Facebook has a long list of victories over spammers, including one in 2008 for some $873 million against Adam Guerbuez and Atlantis Blue Capital. In this ruling, the three men violated the Computer Fraud and Abuse Act, the California Anti Phishing Act and the Controlling the Assault of Non Solicited Pornography and Marketing Act.
However, experts believe that Facebook will not see the judgement awarded. In fact, Wallace and his partner, Walter Rines, were fined some $230 million in May of 2008 in a case involving MySpace. In that case, the accused tricked users into providing login information through phishing scams. Then, as they accessed the accounts of users, they sent more than 730,000 messages with links to gambling, porn and ringtone websites. The two made more than half a million though their MySpace violations only.
It is unlikely that Facebook will receive much of the judgment, but that is not what Facebook is hoping for. They are using the case as a ploy to show other pro spammers what can happen to them for violating the rules. However, experts state that pro spammers already know what to expect and they do not see it as a deterrent. In fact, whenever these pros lose, they simply disappear for some time and emerge as a different entity somewhere else, rarely paying any of the fees they owe.

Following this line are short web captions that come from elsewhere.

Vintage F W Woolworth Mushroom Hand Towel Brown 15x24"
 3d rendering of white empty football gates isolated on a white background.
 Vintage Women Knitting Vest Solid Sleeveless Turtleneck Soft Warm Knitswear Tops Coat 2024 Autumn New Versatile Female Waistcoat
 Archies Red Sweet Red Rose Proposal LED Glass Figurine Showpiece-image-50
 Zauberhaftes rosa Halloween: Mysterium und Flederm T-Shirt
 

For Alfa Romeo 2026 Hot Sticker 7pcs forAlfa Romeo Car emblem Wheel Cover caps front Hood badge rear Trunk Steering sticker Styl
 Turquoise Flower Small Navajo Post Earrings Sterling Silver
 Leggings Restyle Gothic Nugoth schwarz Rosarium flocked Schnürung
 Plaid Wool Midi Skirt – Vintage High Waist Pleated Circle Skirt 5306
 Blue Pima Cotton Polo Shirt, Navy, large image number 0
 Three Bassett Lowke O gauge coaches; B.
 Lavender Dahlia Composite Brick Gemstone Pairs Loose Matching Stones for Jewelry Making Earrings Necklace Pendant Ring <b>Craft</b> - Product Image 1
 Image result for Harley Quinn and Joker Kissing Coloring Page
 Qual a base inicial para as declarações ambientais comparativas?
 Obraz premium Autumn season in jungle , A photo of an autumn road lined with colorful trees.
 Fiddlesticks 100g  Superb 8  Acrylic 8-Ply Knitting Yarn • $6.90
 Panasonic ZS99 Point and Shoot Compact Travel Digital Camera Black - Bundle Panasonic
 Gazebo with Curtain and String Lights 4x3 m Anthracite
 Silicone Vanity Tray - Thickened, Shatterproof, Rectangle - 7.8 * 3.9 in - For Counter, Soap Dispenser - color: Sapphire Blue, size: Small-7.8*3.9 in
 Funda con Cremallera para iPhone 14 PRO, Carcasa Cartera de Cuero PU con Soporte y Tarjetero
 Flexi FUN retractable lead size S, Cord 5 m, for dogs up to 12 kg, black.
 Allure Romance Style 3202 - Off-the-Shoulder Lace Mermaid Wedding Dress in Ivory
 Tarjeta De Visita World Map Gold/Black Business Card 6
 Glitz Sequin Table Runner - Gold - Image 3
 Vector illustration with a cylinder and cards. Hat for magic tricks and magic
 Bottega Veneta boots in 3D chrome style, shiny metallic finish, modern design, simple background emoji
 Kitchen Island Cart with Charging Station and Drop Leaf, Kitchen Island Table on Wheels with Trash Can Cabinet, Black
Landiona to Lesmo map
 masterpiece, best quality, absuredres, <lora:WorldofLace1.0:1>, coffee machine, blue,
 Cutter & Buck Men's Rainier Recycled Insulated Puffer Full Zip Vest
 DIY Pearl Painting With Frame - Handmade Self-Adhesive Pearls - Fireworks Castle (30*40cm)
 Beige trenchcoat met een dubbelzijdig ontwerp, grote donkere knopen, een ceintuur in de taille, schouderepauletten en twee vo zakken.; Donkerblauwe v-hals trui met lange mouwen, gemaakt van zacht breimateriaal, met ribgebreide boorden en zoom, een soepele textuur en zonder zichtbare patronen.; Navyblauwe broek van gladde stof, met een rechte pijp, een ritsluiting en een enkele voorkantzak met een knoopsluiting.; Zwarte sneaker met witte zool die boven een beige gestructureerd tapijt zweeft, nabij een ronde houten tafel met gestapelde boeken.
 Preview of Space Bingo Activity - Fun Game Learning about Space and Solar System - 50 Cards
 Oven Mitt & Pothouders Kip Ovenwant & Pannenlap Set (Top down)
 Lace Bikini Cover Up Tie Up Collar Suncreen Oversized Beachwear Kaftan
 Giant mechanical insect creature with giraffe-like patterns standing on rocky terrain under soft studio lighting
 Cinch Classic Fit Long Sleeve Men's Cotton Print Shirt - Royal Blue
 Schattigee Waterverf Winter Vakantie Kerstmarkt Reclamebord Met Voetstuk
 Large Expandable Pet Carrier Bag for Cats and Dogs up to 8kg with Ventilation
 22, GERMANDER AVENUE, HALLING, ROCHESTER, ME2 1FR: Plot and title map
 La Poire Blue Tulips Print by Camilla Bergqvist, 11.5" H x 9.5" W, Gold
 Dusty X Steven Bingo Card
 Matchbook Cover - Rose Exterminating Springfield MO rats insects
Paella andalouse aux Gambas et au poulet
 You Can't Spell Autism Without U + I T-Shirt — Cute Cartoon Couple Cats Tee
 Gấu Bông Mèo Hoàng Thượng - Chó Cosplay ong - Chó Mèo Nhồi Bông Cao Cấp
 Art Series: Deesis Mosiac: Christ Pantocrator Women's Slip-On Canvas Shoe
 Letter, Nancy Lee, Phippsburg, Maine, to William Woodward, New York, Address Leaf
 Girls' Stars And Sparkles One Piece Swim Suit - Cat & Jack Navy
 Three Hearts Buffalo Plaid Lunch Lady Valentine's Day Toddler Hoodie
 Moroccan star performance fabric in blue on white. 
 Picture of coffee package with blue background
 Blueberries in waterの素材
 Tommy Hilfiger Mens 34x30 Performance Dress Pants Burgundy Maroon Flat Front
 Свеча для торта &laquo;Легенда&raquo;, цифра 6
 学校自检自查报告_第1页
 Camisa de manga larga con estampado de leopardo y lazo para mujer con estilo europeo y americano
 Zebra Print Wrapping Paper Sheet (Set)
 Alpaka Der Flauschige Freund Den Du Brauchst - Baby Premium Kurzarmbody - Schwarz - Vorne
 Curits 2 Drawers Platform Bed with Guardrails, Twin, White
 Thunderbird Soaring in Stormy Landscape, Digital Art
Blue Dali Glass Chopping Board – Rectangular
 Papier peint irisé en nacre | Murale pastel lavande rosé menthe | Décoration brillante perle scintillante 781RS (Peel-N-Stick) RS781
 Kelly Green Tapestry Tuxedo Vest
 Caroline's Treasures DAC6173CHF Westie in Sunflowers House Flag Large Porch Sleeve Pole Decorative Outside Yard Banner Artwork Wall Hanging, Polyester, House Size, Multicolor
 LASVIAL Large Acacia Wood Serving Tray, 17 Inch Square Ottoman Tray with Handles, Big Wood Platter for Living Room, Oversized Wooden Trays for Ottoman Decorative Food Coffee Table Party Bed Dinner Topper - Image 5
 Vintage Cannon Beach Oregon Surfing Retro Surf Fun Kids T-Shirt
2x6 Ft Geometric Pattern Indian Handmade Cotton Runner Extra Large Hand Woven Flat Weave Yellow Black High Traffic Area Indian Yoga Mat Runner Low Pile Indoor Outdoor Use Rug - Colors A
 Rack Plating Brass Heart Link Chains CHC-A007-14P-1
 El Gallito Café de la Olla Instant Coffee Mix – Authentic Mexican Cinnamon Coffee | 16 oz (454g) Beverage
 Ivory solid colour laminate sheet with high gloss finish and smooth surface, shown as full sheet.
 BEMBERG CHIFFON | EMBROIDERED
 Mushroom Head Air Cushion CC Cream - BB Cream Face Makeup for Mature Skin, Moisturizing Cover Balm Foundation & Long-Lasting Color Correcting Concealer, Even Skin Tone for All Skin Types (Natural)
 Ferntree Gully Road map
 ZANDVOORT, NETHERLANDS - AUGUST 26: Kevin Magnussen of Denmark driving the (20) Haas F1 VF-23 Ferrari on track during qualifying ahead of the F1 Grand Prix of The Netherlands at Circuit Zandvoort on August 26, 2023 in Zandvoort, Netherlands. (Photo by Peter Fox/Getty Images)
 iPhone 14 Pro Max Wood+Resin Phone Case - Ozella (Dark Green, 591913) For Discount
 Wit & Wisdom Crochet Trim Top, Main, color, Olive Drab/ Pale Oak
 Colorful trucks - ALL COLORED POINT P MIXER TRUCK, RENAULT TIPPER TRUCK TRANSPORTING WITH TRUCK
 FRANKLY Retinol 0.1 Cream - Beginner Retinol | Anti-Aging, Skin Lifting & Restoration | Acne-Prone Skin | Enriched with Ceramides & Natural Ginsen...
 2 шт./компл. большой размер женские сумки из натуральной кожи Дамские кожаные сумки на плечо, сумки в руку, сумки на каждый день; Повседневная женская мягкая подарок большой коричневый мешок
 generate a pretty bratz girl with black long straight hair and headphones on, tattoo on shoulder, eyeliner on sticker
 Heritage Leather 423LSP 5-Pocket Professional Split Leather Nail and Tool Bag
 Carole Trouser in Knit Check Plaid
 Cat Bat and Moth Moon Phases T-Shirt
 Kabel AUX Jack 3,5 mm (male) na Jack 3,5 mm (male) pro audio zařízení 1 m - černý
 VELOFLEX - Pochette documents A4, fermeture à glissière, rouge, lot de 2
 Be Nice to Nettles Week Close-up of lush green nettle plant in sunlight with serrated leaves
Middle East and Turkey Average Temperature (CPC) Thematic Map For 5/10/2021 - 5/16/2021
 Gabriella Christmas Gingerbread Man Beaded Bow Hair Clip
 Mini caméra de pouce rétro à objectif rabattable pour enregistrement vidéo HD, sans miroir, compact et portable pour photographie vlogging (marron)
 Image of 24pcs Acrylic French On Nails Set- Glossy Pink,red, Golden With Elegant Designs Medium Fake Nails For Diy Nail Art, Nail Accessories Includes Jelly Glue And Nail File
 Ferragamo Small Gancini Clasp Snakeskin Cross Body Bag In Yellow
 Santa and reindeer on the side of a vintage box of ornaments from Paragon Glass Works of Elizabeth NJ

Ninety-Five percent of all email is spam, says Jamie De Guerre, who is chief technology officer at Cloudmark. De Guerre also stated that while the industry is doing well to fight spam, the spammers are doing well to find new ways to continue the process. The problem, and perhaps the solution, lies in the hands of consumers and legitimate organizations, who may wish to take more conservative communication efforts, such as avoiding any type of URLs in email communications. The problem is worldwide, and is even more common in other countries. In Russia, for example, even legitimate, respectable companies use spam.